Scenes from the Anglo-Somali war, c. 1900. Lithographs by Richard Caton Woodville Jr.


Scenes from the Anglo-Somali war, c. 1900. Lithographs by Richard Caton Woodville Jr.

The Dervish Revolt:

“The uprising began in 1899, only twelve years after Britain had declared a protectorate over Somaliland, and would continue with varying degrees of intensity until 1920. Inspired by the Mahdist uprising in Sudan which had briefly established an Islamic empire in the 19th century before being crushed by Lord Kitchener at the Battle of Omdurman, Mohammed Abdullah Hassan gathered a band of followers and declared a jihad against the British government. Nick-named the ‘Mad Mullah’ by the British, Hassan was a skilled leader, and his Dervish forces conducted raids largely unchecked throughout British Somaliland. British infantry punitive expeditions struggled to find and to engage Dervish militants, who could withdraw to their fortified bases deep in the arid and rugged Somali interior.
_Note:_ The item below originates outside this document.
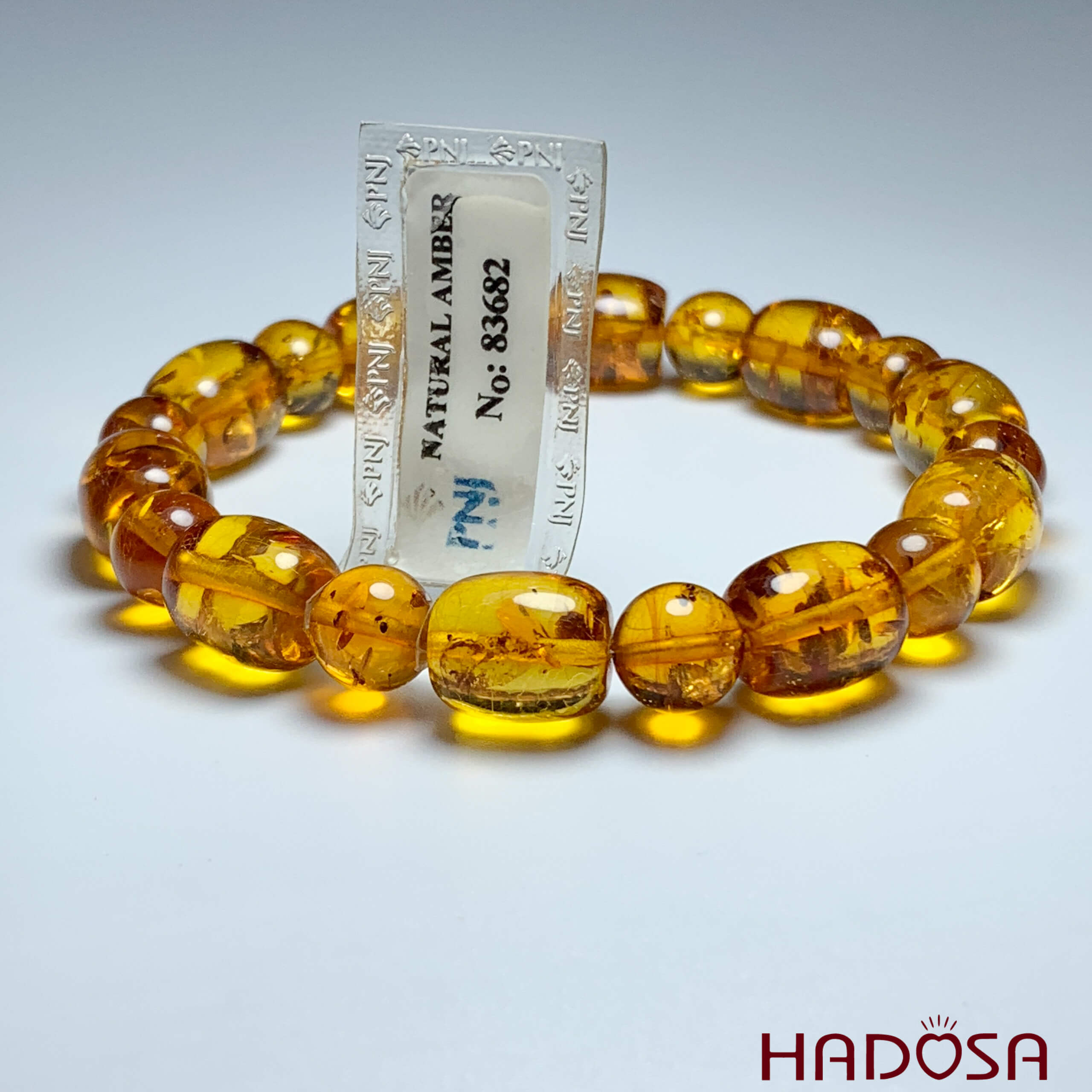 Vòng Hổ Phách Baltic cognac vàng đậm hạt đốt 10x12mm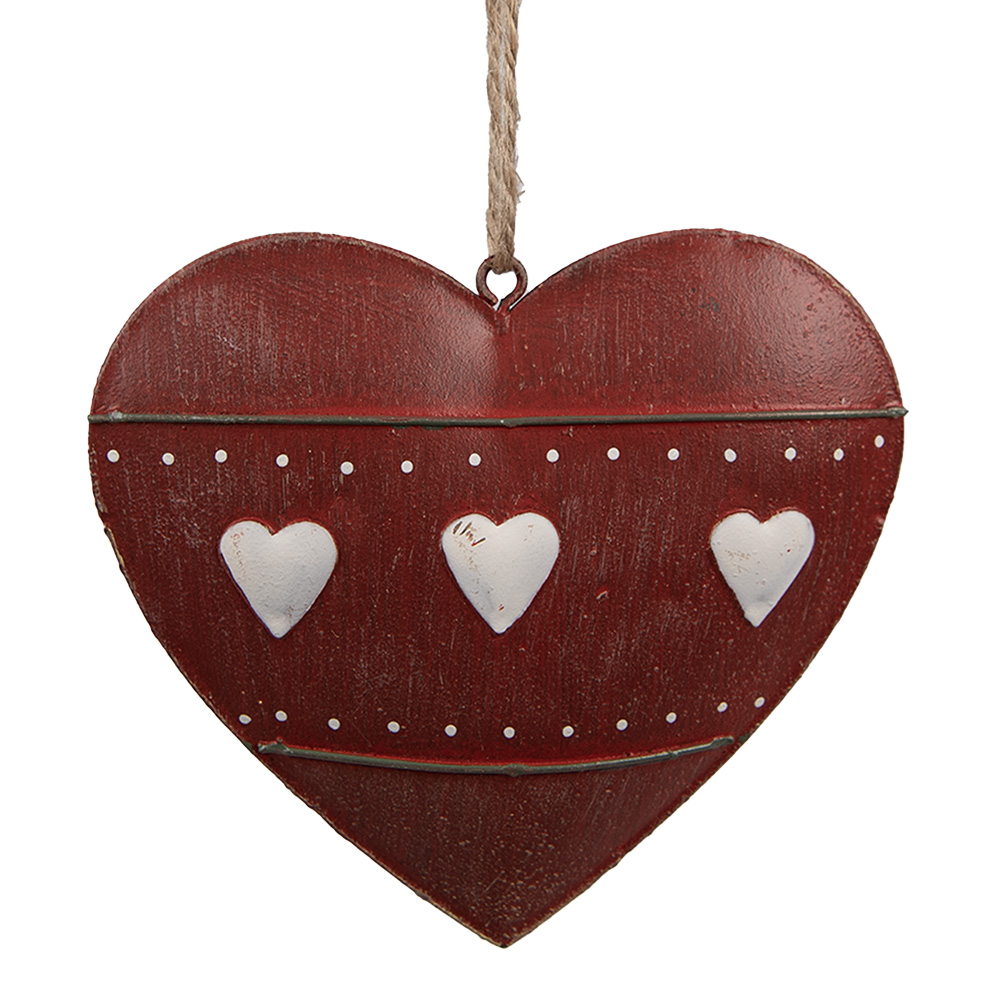 Clayre & Eef | Decoratie hanger hart Rood 11x2x10 cm | 6Y5552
By 1914, the British administration had withdrawn to the protectorate’s capital in Berbera on the coast, leaving much of Somaliland in the hands of the insurgents.”
- The Somaliland Campaign and the Origins of British Counterinsurgency Airstrikes 

Fighting, which not only involved the Somali and British, but also the Abyssinians and the Italians, would continue until 1920, when Taleh, the Dervish capital, was bombed from the air by the British Air Force.